Conventional light microscopes — such as those used in a high school science class — are unable to get even close to the magnifications reachers by electron microscopes like the STEHM. Light waves are much too big and clunky to focus in on the atomic level. Electron microscopes get around this by replacing light waves with beams of electrons. The STEHM will use a high-powered electron gun to fire electrons through a specimen and then buil an image based on the electrons that pass through that specimen. It’s similar to shining a light through a photographic slide.
Currently, the title for world’s most powerful electron microscope belongs to a machine housed at the Lawrence Berkeley National Laboratory in California. Operational since 2008, the $25-million Berkeley microscope has published stunningly clear images of gold and carbon atoms arranged in neat, honeycomb structures.

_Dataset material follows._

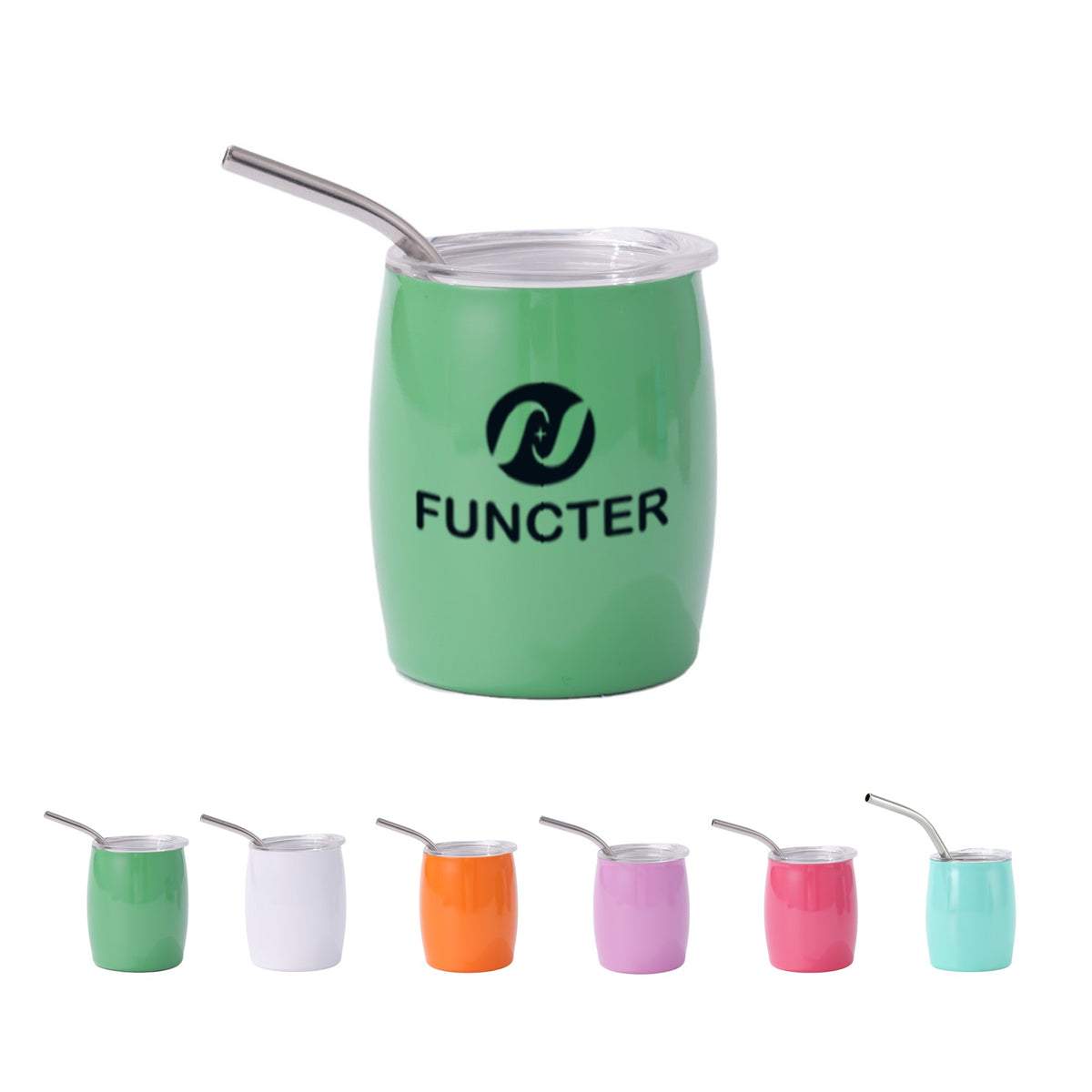 Screen Printed Mini Wine Cup W/ Straw 3 oz.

Looking at atoms is actually nothing new. In 1970, Albert Crewe, a physicist at the University of Chicago, used a redesigned electron microscope to capture history’s first images of individual atoms. The problem was; the pictures were blurry. Once you zoomed in to the atomic level, miniscule aberrations in the structure and direction of the electron beam begin causing distortions in the image. It was akin to having a world-class telescope, but not having the right eyeglass prescription. “There were 30 years where things didn’t change much,” says Mr. Herring. Then, around the year 2000, microscope manufacturers broke the deadlock by introducing “correctors” that could fine-tune the characteristics of an electron beam. Correctors are now standard on the world’s top microscopes, but what makes the UVic machine so powerful is that it features two new types of this technology.